BRASÍLIA

O instrutor de voo Marco Archer Cardoso Moreira, de 53 anos, foi executado na Indonésia às 15h31m de ontem - pelo horário de Brasília - depois de o presidente do país, Joko Widodo, rejeitar o pedido de clemência feito pela presidente Dilma Rousseff no dia anterior. Com o fuzilamento do brasileiro condenado por tráfico de drogas, o primeiro a cumprir pena de morte em território estrangeiro, o governo Dilma já começou a estudar retaliações concretas à Indonésia. A presidente convocou o embaixador do Brasil no país asiático, Paulo Alberto da Silveira Soares, para consultas em Brasília. No fim da tarde, o Itamaraty convocou o embaixador da Indonésia.

O Palácio do Planalto divulgou uma nota de Dilma nos minutos seguintes à execução, em que a presidente se disse "consternada e indignada" com o fuzilamento do brasileiro. Na nota, Dilma afirma que "o recurso à pena de morte, que a sociedade mundial crescentemente condena, afeta gravemente as relações entre nossos países". Às 17 horas, o Itamaraty entregou ao embaixador da Indonésia no Brasil, Toto Riyanto, uma nota de repúdio pela execução do brasileiro e por terem sido ignorados os pedidos de clemência e os apelos feitos pelo governo brasileiro. O secretário-geral do Itamaraty, Sérgio Danese, foi quem entregou a carta ao representante indonésio. Danese disse que Riyanto não fez qualquer comentário sobre o assunto, tendo apenas recebido o comunicado e se retirado.

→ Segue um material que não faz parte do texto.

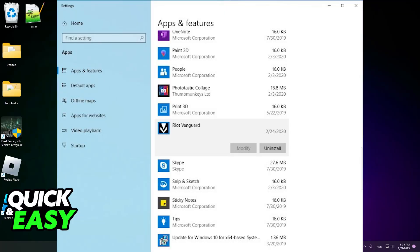In here, just look for Riot Vanguard and make sure you uninstall it through here as well. After this step, you need to restart your computer to ensure that Valorant Vanguard will be properly reinstalled, so go ahead and restart your computer.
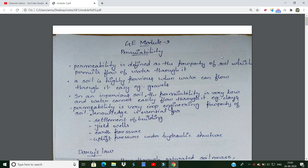Let's go to GT Module 3. We basically use permeability. Permeability means that the soil allows water to pass through it. The permeability — whether soil is permeable or impermeable — is very important.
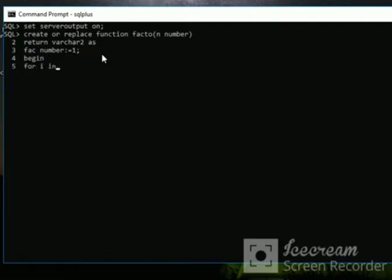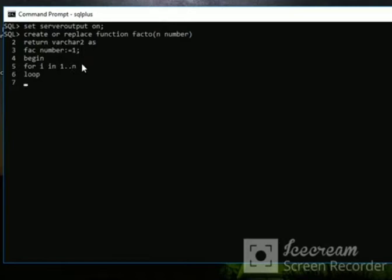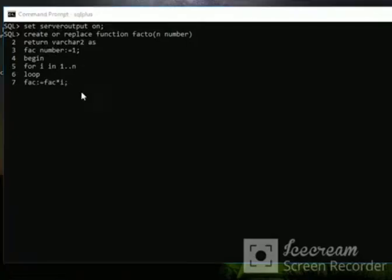Write FOR i IN 1..n, then write LOOP on the next line. Write fact := fact * i; semicolon.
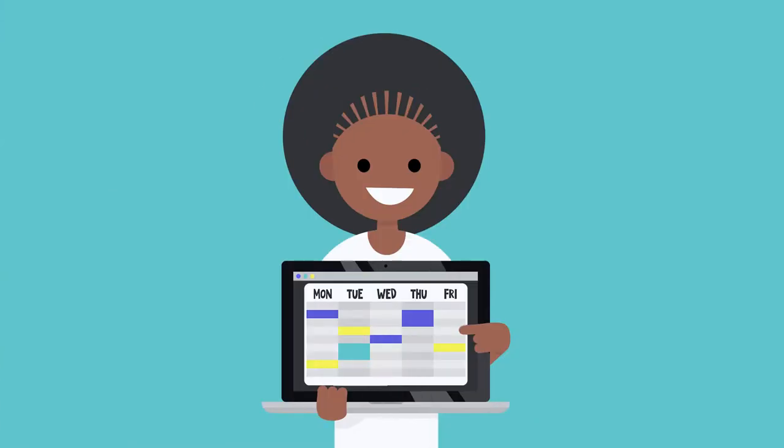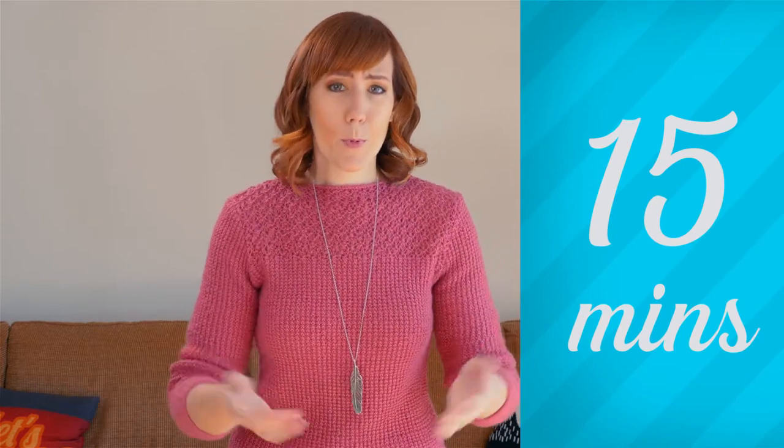The casting director then selects potential actors or actresses for each part and books them for specific time slots. Pro tip: keep your time slots to around 15 minutes, as you want enough time to see what each auditioner can do but also want to keep it brief.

"O Ministério, em nome do governo brasileiro, manifesta à embaixada a sua profunda inconformidade com a execução do cidadão brasileiro e com o fato de que gestões do mais alto nível e apelos presidenciais à clemência em favor do condenado tenham sido ignorados pelas autoridades indonésias", diz trecho da nota.

"Cria uma animosidade", diz chanceler

O ministro das Relações Exteriores, Mauro Vieira, disse que informou pessoalmente a presidente Dilma a confirmação da execução de Archer. Vieira afirmou que a medida adotada pela Indonésia cria uma animosidade na relação entre os dois países.

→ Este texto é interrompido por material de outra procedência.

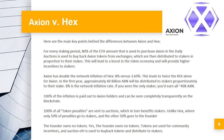For Axion, in the first year approximately 40 billion AXN will be distributed to stakers proportionately to their stake. 8% is the network inflation rate. If you were the only staker, you'd earn all 40 billion AXN. 100% of the inflation is paid out to Axion holders and can be seen completely transparently on the blockchain. 100% of all token penalties are sent to auctions, which in turn benefits stakers — unlike HEX, where only 50% of penalties go to stakers and the other 50% goes to the founder.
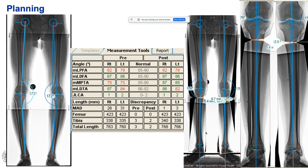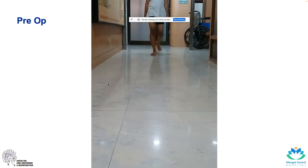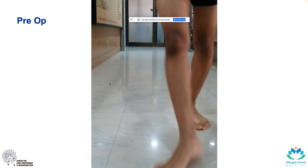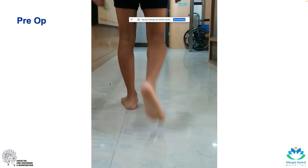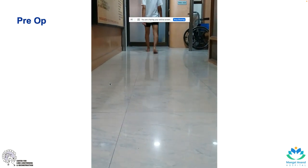We performed TraumaCad planning. It shows LDFA is normal, and the deformity is entirely in the proximal tibia on both sides. The CORA is found at the metaphyseal region. Doing an osteotomy there corrects the deformity well. There is no limb length discrepancy. Clinically: squinting patella, no thrust.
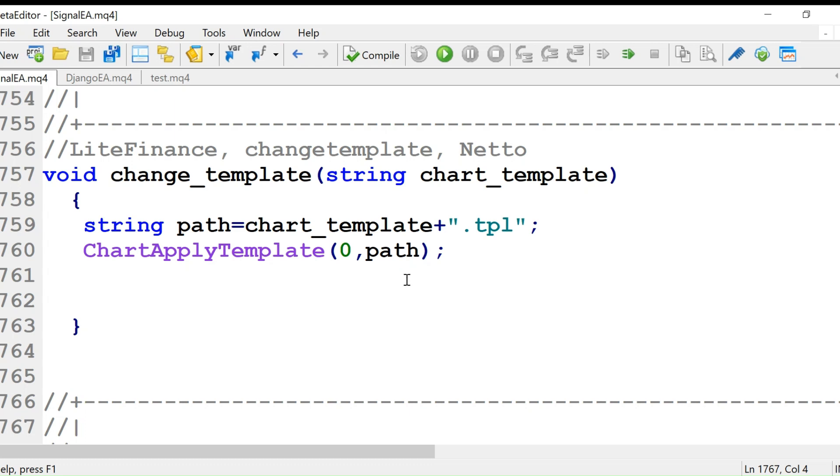If you want to change the template of the chart from Telegram, you can do that. The command will be like finance change template netto, the template name that's given. You can use your own template names.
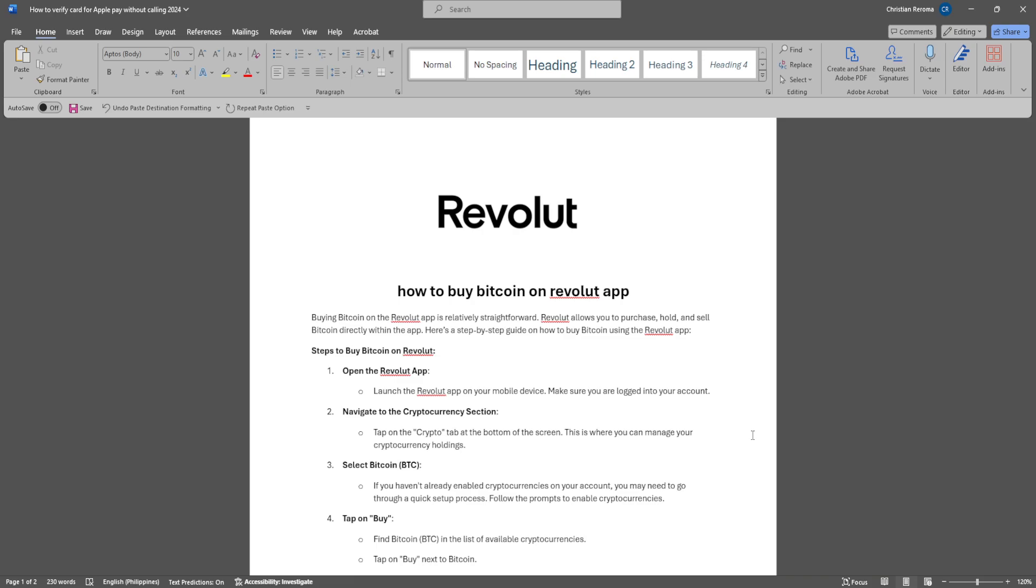The first thing you want to do is launch the Revolut app on your mobile device. Make sure you are logged into your account. Now navigate to the cryptocurrency section and tap on the crypto tab.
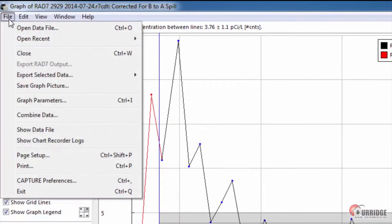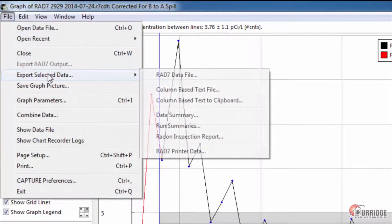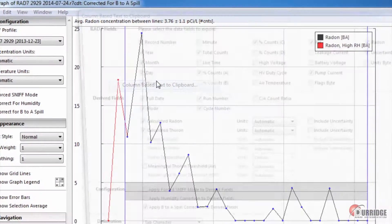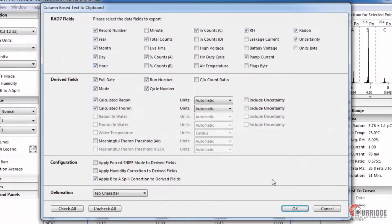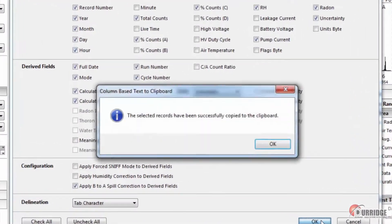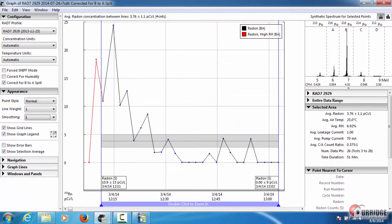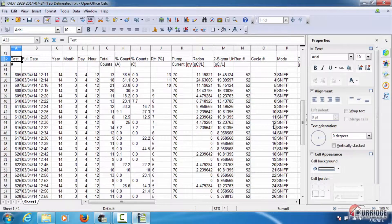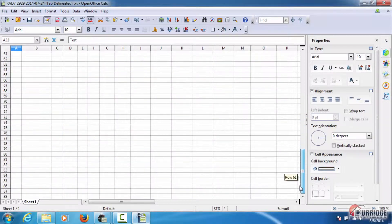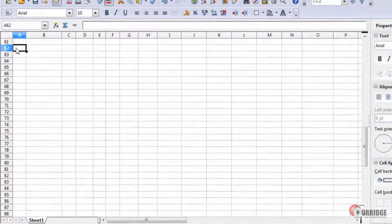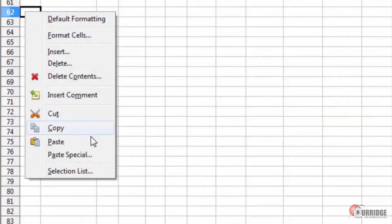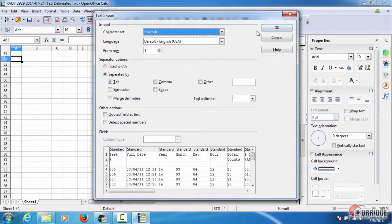Exporting as column-based text file to clipboard saves the same information as in column-based text file, except instead of creating a file with the information contained, it copies the information onto your computer's clipboard so that you can paste it into a spreadsheet.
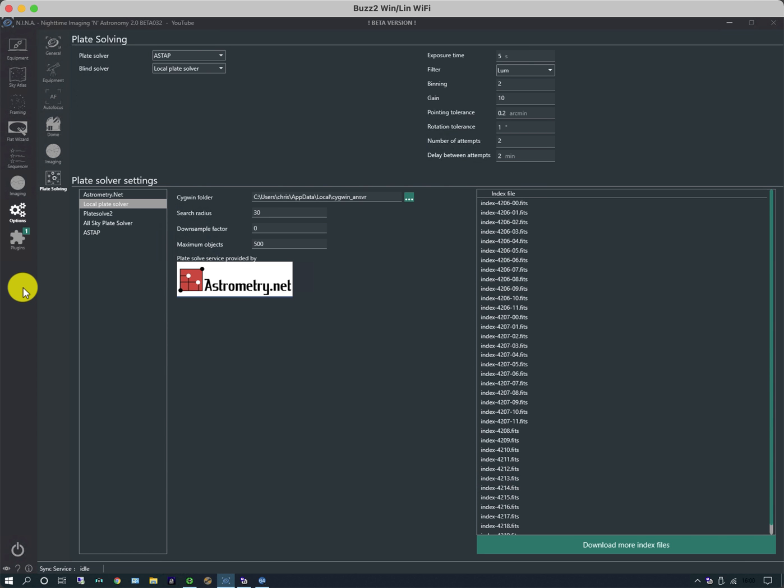The next video is going to look at setting up a simple target and doing a very simple sequence. What we've done now is what you typically do in every single type of imaging app, which is set up your equipment and the basic device-specific settings. Now what's left is the things that differ from one night to the next depending on when you're imaging, what you're imaging, or how many different targets you're imaging in one night. Thanks for watching.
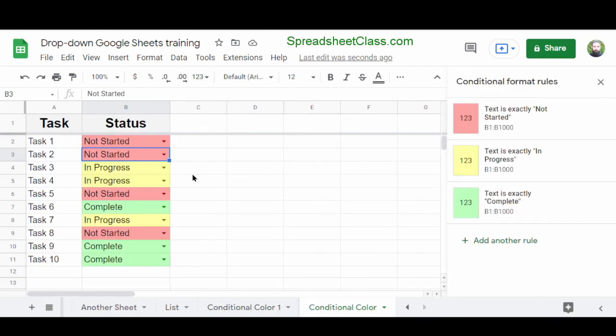There's a lot more you can do with drop-down lists, and this video was just meant to show you the basics of how to create them. In future videos, I'll show you how to do more cool stuff with drop-downs and formulas. If you enjoyed the video, please like and subscribe, and have a great day.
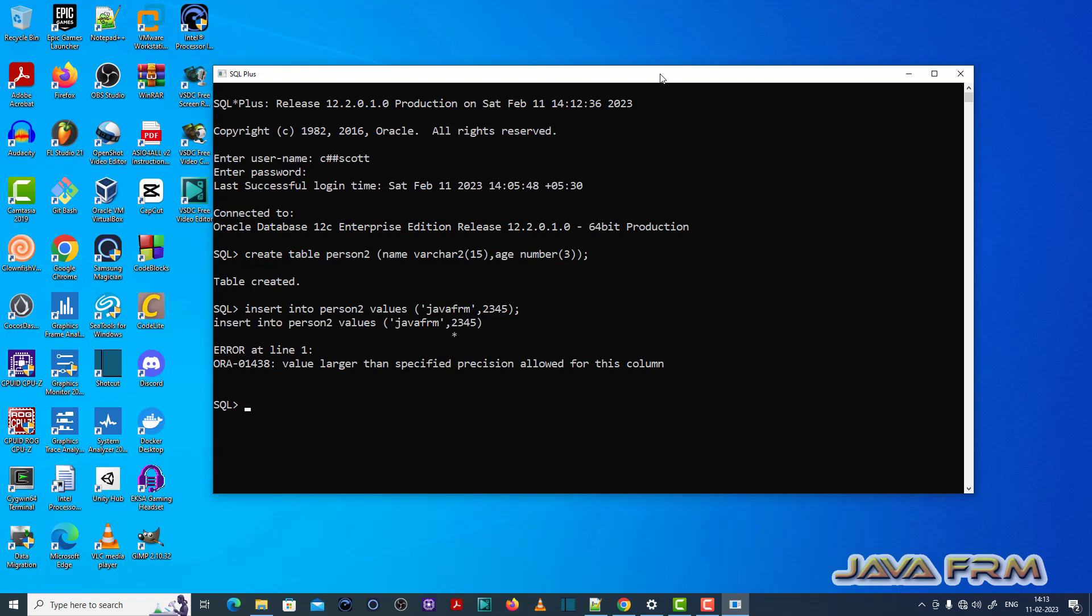So here you can see that ORA-01438 value larger than specified precision allowed for this column.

- Cria uma sombra de dúvida, cria uma animosidade, uma dificuldade na relação bilateral. O Brasil tem princípios que lhe são caros - afirmou, sem esclarecer que outras medidas o governo brasileiro pode adotar.

Ontem, a ministra da Secretaria de Direitos Humanos, Ideli Salvatti, deixou claro que o governo brasileiro já discute retaliações ao governo indonésio. Segundo ela, a retaliação já havia sido expressa de forma indireta por Dilma a Widodo, no telefonema da sexta-feira. Ideli acompanhou a ligação em que a presidente pediu por clemência. A ministra disse que Dilma aguardava apenas o retorno do ministro Mauro Vieira, que estava nos Estados Unidos, para detalhar as medidas da retaliação.

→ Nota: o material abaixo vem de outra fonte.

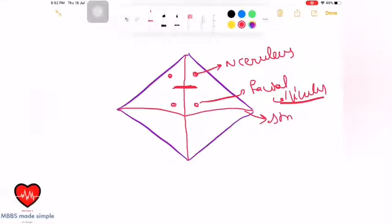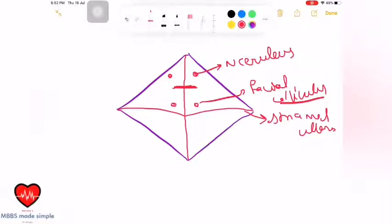The stria medullaris is the differentiator between pons and medulla oblongata. In the upper half of the medulla oblongata, the floor shows the fourth ventricle, while the lower half of medulla oblongata has the central canal. The medial area is the hypoglossal trigon — the 12th nerve nucleus — and involvement of this area causes medial medullary syndrome.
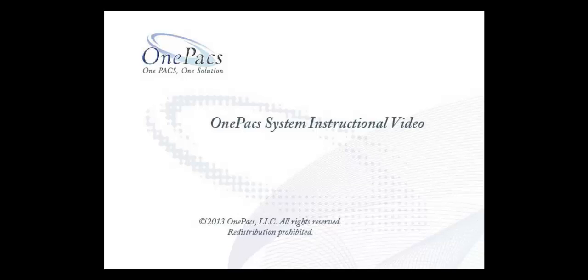Hello, this video will show you how to download, install, and view a study with the OnePax workstation. An upgrade is similar and there is no need to uninstall first.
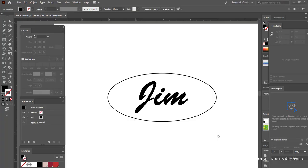Hi, my name is Jim, and today we're going to create an embroidered patch and apply it to a garment in Clo.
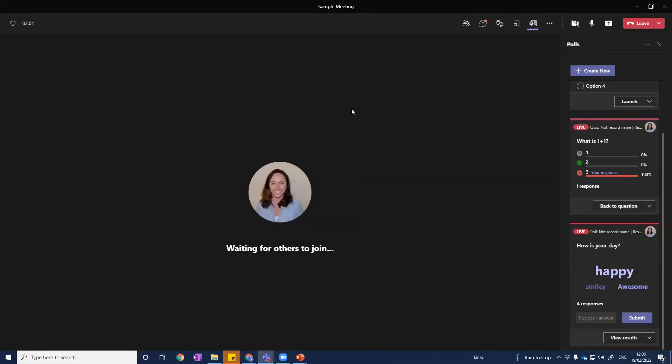And that's it — it's so straightforward. I really encourage you to play with polling and use it to get more engagement and insight in your virtual workshops. Good luck!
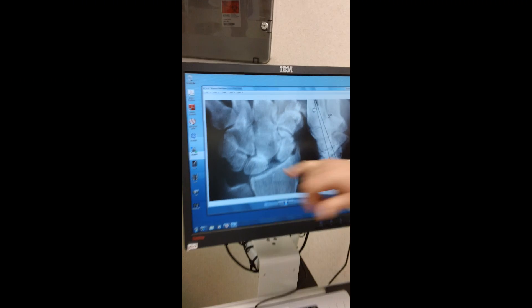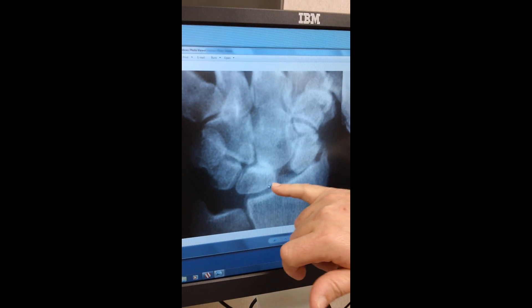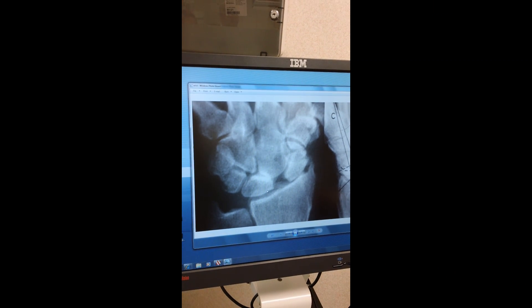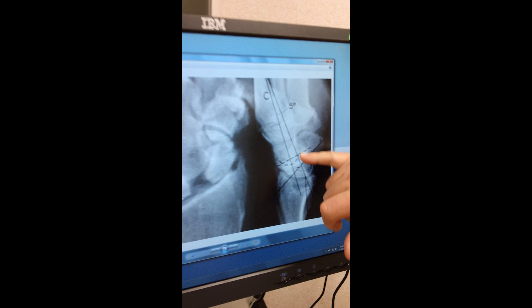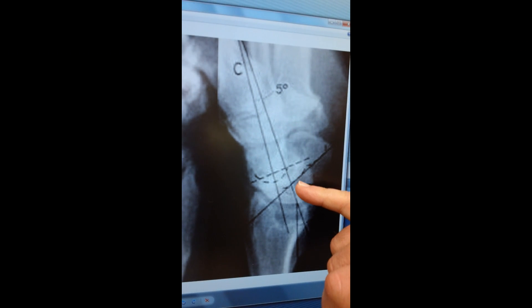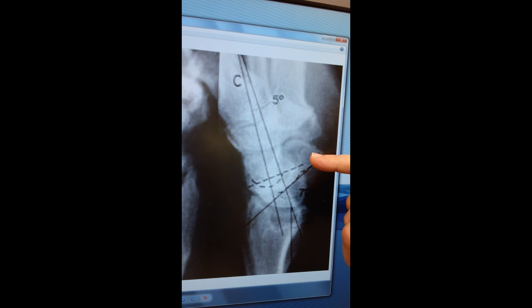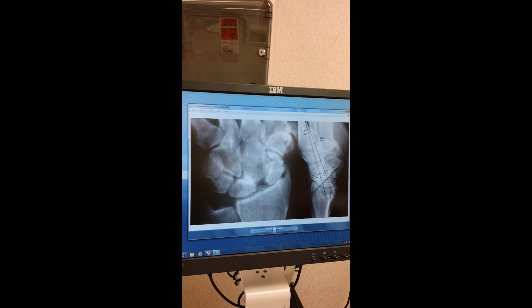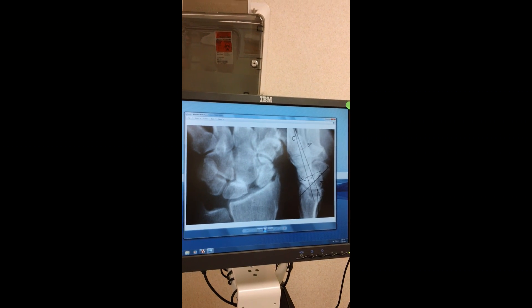If you look at the x-ray, there's a gap here — it's called the Terry Thomas sign. It's generally not this big; it could be more subtle, or it may not show much at all. And on the lateral view, you'll see the lunate is tilted dorsally and the scaphoid is tilted palmarly. This is a positive Terry Thomas sign, and this is a DISI deformity of the wrist.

- A presidente fez apelo como mãe e já deu a entender na conversa que as relações entre os dois países não ficarão iguais com esse episódio - disse Ideli.

A convocação do embaixador brasileiro, no entanto, já significa um movimento diplomático do governo de descontentamento. Na nota do Planalto, foi reiterada o conhecimento da gravidade do crime cometido por Archer, de tráfico de drogas, mas a presidente afirmou que a decisão da Indonésia afeta as relações entre os dois países.

Ideli, por sua vez, considerou "política" a execução do instrutor de voo:

- Ele estava condenado à morte esse tempo todo, mas o presidente anterior da Indonésia deixou isso quieto. A decisão da execução (na gestão do atual presidente), de não acatar o pedido de clemência, foi também uma decisão política. Essa questão (do rigoroso combate ao tráfico de drogas) foi levada para a campanha dele. O brasileiro já estava condenado há muito tempo.

A ministra disse ser "inadmissível" a existência de pena de morte em determinados países:

- É absurda por não permitir nenhuma possibilidade de arrependimento e reintegração. A presidente deixou claro no telefonema que o Brasil não tem pena de morte e que isso era incompreensível aos brasileiros. Ela fez apelo como mãe e deu a entender na conversa que as relações entre os dois países não ficarão iguais depois desse episódio.

Ideli revelou que o outro brasileiro na fila das execuções na Indonésia por tráfico de drogas, Rodrigo Goulart, vem apresentando um "quadro psíquico muito grave" e, em razão disso, a Embaixada do Brasil na Indonésia tenta uma internação a ele, em vez da execução. Para isso, também haveria a necessidade de clemência por parte do presidente da Indonésia. As chances são remotas, segundo a ministra.

- As informações que chegaram até nós é de que o outro brasileiro está totalmente transtornado. Mas as possibilidades de clemência também são extremamente remotas - disse Ideli.

Além do brasileiro, foram executados na ilha de Nusakambangan, Ang Kiem Soe, um cidadão holandês; Namaona Denis, um residente do Malawi; Daniel Enemuo, nigeriano, e uma cidadã indonésia, Rani Andriani. Outra vietnamita, Tran Thi Bich Hanh, foi executada em Boyolali, na Ilha de Java.